In the last few years, the Federal Trade Commission (FTC) and, more recently, the Federal Communications Commission (FCC) have brought enforcement actions that resulted in significant settlement terms, and in the case of the FCC, a multi-million dollar fine against companies that violated their own privacy policies.
If a company makes materially misleading statements or omissions about privacy or data security that are likely to mislead reasonable consumers, such statements or omissions are deceptive. The FTC has used this authority, for example, to challenge false and misleading claims about how companies use and share consumer data; whether they track consumers’ movements online; whether they are honoring consumers’ opt-outs; and whether they are delivering on promises to secure consumers’ financial and health data.
In the last several years the FTC has brought several Section 5 (deceptive and/or unfair trade practice) actions for various reasons including making allegedly misleading statements in privacy policies. This includes actions against Snapchat, GMR Transcription Services, Credit Karma and TRENDnet. To resolve these FTC actions, the offending company typically must sign a consent order which requires it to:
- Establish comprehensive security programs designed to address security risks during the development of their products, programs or applications,
- Undergo independent security assessments every other year for the next 20 years, and
- Make no additional misrepresentations about the level of privacy or security of their products and services.
Then, for the next 20 years, the company risks a contempt of court finding, or worse, if it fails to strictly comply with the terms of the consent order.
In their privacy policies, the two companies stated that they had in place ‘technology and security features to safeguard the privacy of your customer specific information from unauthorized access or improper use.’ Yet, from September 2012 through April 2013, the sensitive documents they collected from consumers were apparently stored in a format accessible via the Internet and readable by anyone.

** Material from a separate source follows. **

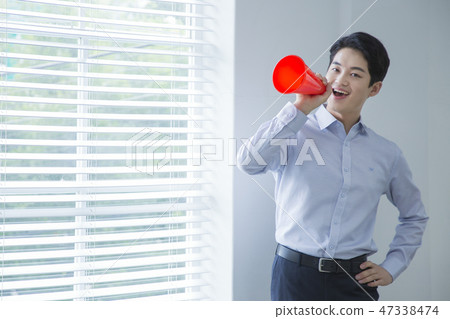 Portrait of a confident businessman' various gestures over gray background 047 47338474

Complaints about the readability of privacy policies are not new. In its December 2010 Preliminary Staff Report, “Protecting Consumer Privacy in an Era of Rapid Change,” the FTC found that most corporate privacy policies are “incomprehensible,” and that “consumers typically do not read, let alone understand” these privacy statements. The FTC noted that, in general, “privacy policies do a poor job of informing consumers about companies’ data practices or disclosing changes to their practices.” Even companies that have thorough privacy disclosures were criticized by the FTC as having policies that are “opaque” and “too long and too difficult to navigate.” The FTC issued the final version of that report in March 2012, and included a series of recommendations for businesses and policymakers.
A recently-published whitepaper,”Privacy Policies: How to Communicate Effectively with Consumers” addressed the reading comprehension level needed to understand the privacy policies of Fortune 500 corporations. The average U.S. adult reads at an 8th grade reading level. The clear majority of Fortune 500 privacy policies in the study require a reading comprehension level beyond that of the average U.S. adult. Remarkably, 82% of those privacy policies required a college-level reading ability.
In terms of length, the whitepaper noted another rather remarkable disconnect:
This is particularly true on mobile devices with their smaller screens and fonts. The California Attorney General’s office has suggestions for improving the readability of privacy policies in a May 2014 pamphlet, “Making Your Privacy Practices Public”.
What Are The Take-Aways?
- It should be written in clear and concise language that average consumers will understand.
- It should be regularly reviewed to make sure it complies with statutory and other requirements.